Today is all about the pre-wedding. The one thing I will not include just yet is when I talked to Jeff before the wedding. That is a whole other post in itself. Today will be everything else that happened before I actually walked down the isle with my handsome dad and said "i do" to my husband. Those moments that were so special to me. So special to my family. And boy oh boy I may never make it through the wedding series without losing all my tears.
When people say your wedding is the best day of your life (thus far), I now understand what they were talking about.
So before the wedding we had our hair done, had mimosas and breakfast, got my make-up did, and set back to the church for pictures. One thing I forgot to include in my morning before the wedding post was my dad. It may seem small, but it still makes me tear up.
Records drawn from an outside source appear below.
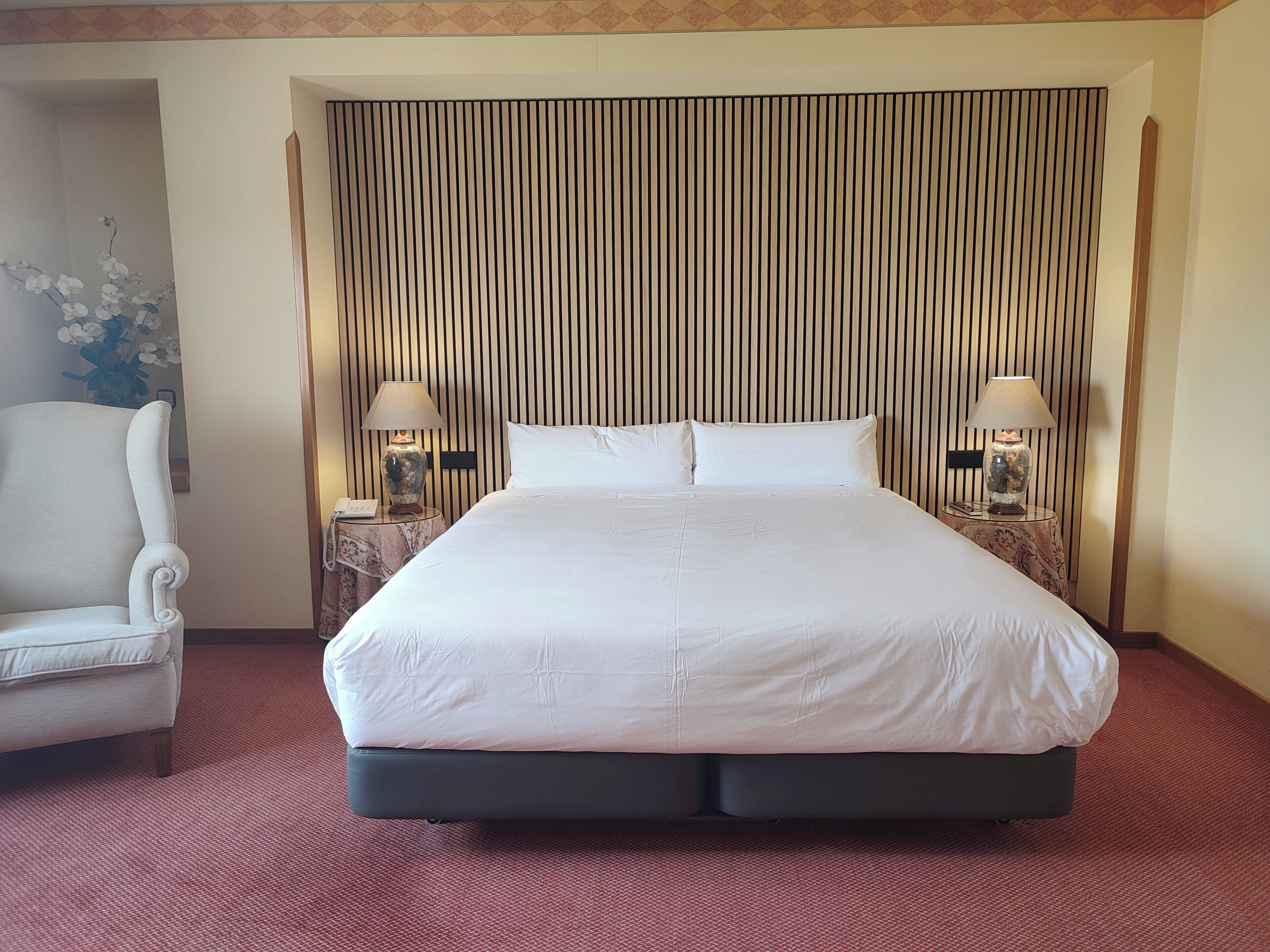 A hotel room with a large bed, two bedside tables with lamps, a chair, and a decorative wall panel.
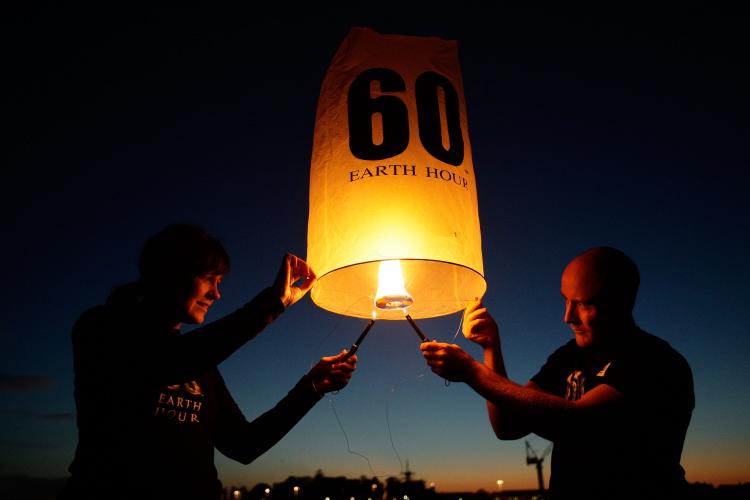 Seven lanterns to represent the seven continents of the world were released over Sydney Harbor on March 20 to launch the one week countdown to Earth Hour. Earth Hour is a global WWF climate change initiative where everyone is invited to switch off their lights for one hour on March 27 at 8.30 p.m. (Brendon Thorne/Getty Images for WWF) Seven lanterns to represent the seven continents of the world were released over Sydney Harbor on March 20 to launch the one week countdown to Earth Hour. Earth Hour is a global WWF climate change initiative where everyone is invited to switch off their lights for one hour on March 27 at 8.30 p.m. (Brendon Thorne/Getty Images for WWF)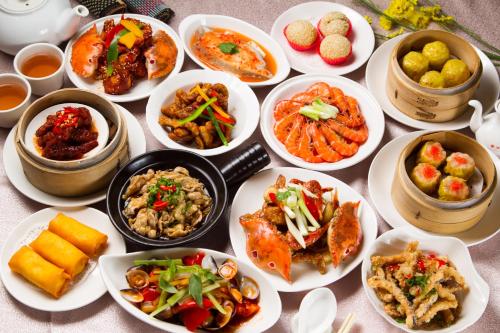 a table with many plates of food on it at HiONE Holiday Hotel in Shenkeng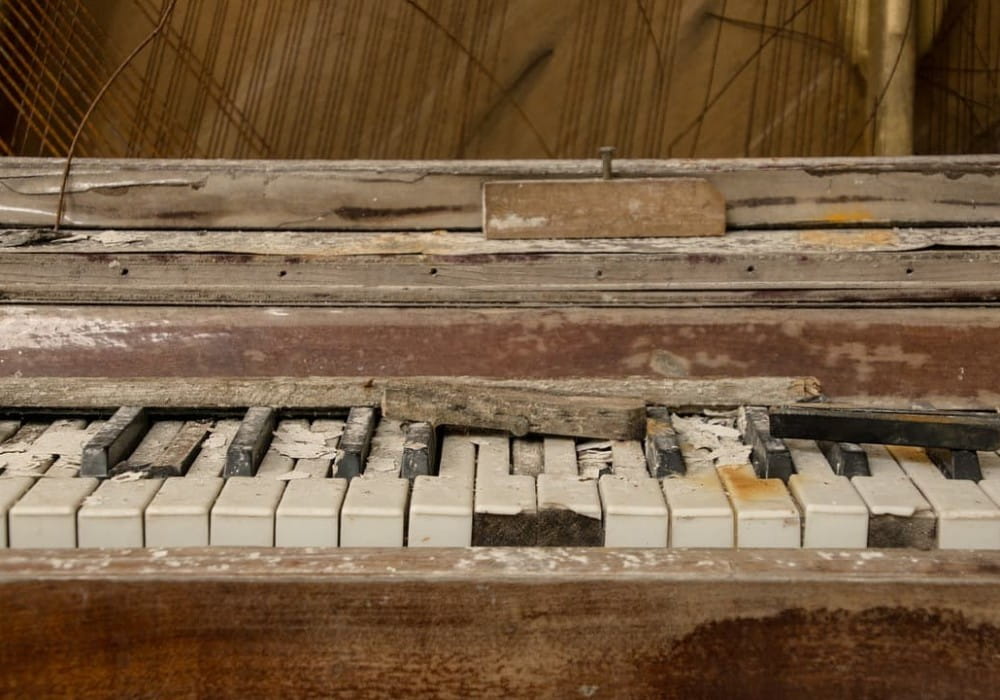 Before Choosing SC: A broken piano representing a broken community.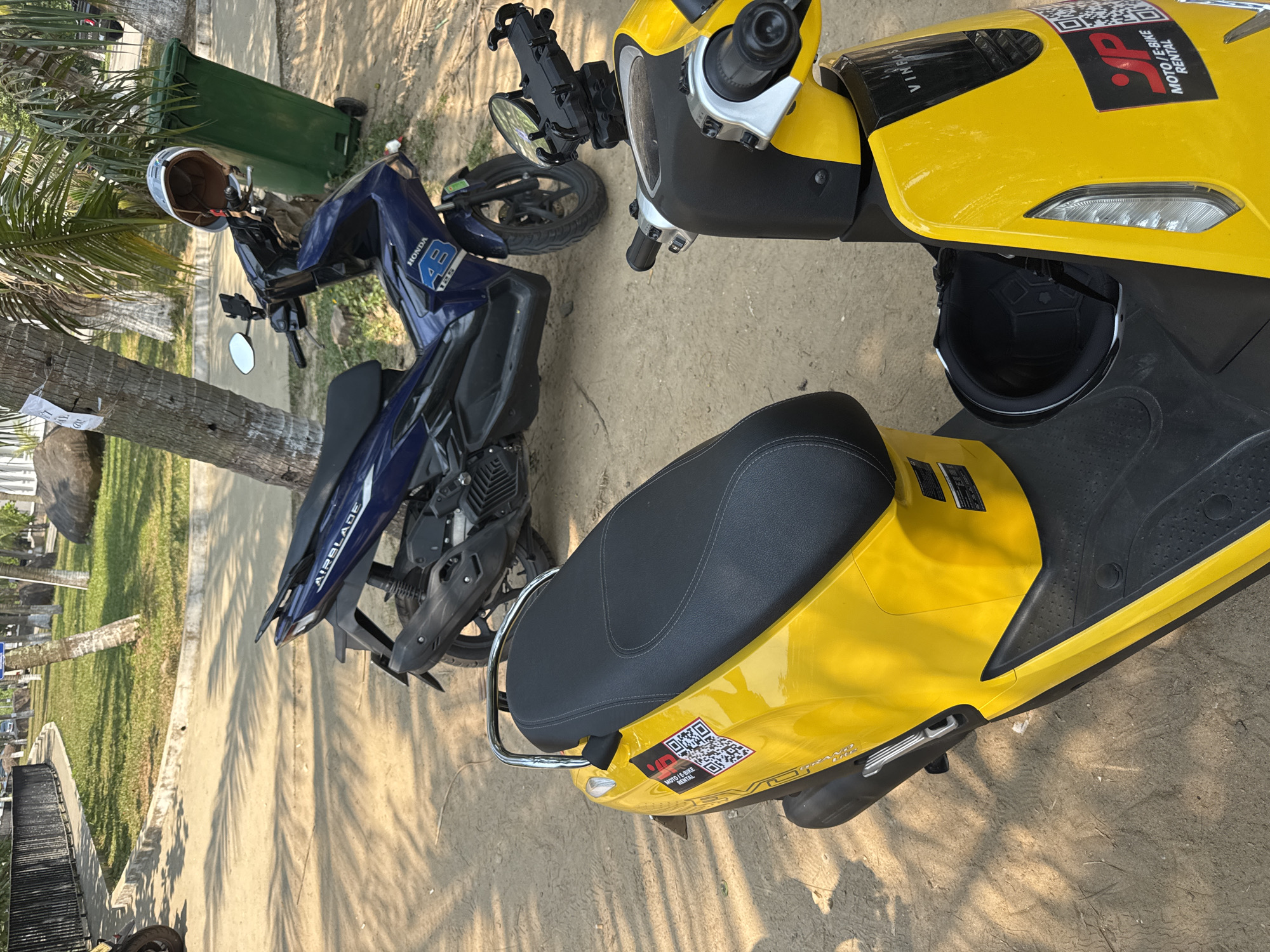 The image shows two parked motorbikes on a dirt and concrete surface. The closest motorbike is yellow and has a black seat. It has stickers indicating "VinFast" and "MOTO/E-BIKE RENTAL." The motorbike beside it is blue and appears to be a Honda AirBlade 125. A helmet is resting on its handlebars, next to a green trash bin. A palm tree is visible to the left, casting shadows on the ground. The setting appears to be in Đà Nẵng, Vietnam, based on the motorcycle brands and models common in the area. A glimpse of grass and other trees can be seen in the background.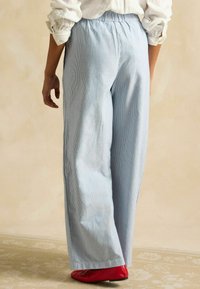 Svetlomodré pruhované nohavice s širokými nohavicami a elastickým pásom, hladký povrch a v popredí je vidno červenú plochú obuv.
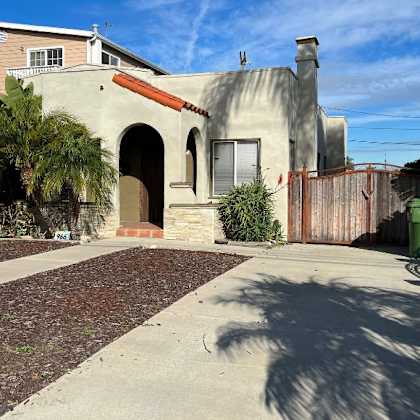 a house with a brown roof and a white wall with a window and a door.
Every time I saw or thought about my dad I would just break down. The thoughts of him being my true hero. Walking me down the isle. Making sure he knew I would always and forever be HIS little girl. So many emotions and so much love. Thankfully I finally stopped tearing up because my pictures would have been rooooough.
Getting ready with my girls, mom, and aunts was so much fun and made the whole mess of emotions turn into laughter and fun. After they all (seriously, all) helped me into my dress full of lace and sparkles, we just sat around and talked, drank more mimosas and just enjoyed each other. It had been so long since all of my friends had been in one place, and having them there was beyond perfect for me.
What I really remember about getting ready was towards my mom. I know, I am seriously writing a book. You don't have to read it. And I know most won't, but I will. I remember taking each second with her in. The moment she helped me get into my slip. When she zipped my dress up and tied my ribbon. The conversations we had. How special each and every moment was with her. She made me feel comfortable, relaxed, and so very loved. That mom of mine, she is something special.
As it was getting closer to the time to walk down the isle and everyone left me, I was just standing there. In my my dress I had fallen in love with, holding my bouquet filled with a variety of white flowers, part of my grandma's dress, and my other grandma's rosary. It took all that I had not to break down right then and there. I tell you, these emotions. I was once again overwhelmed with happiness. Love. And was quite literally shaking in my ruby red high heels. The thought of all of those people watching me walk down that isle was....terrifying.
And then I saw my dad. My handsome, amazing dad. I swear God put him on the Earth to show people what God's love is really like. Okay, I am stopping. The tears are flowing. Anyway. He smiled his ever so loving smile and took my arm. We watched the bridal party, flower girl, ring bearer, and sign holders walk down the isle. And then....it was all eyes on us.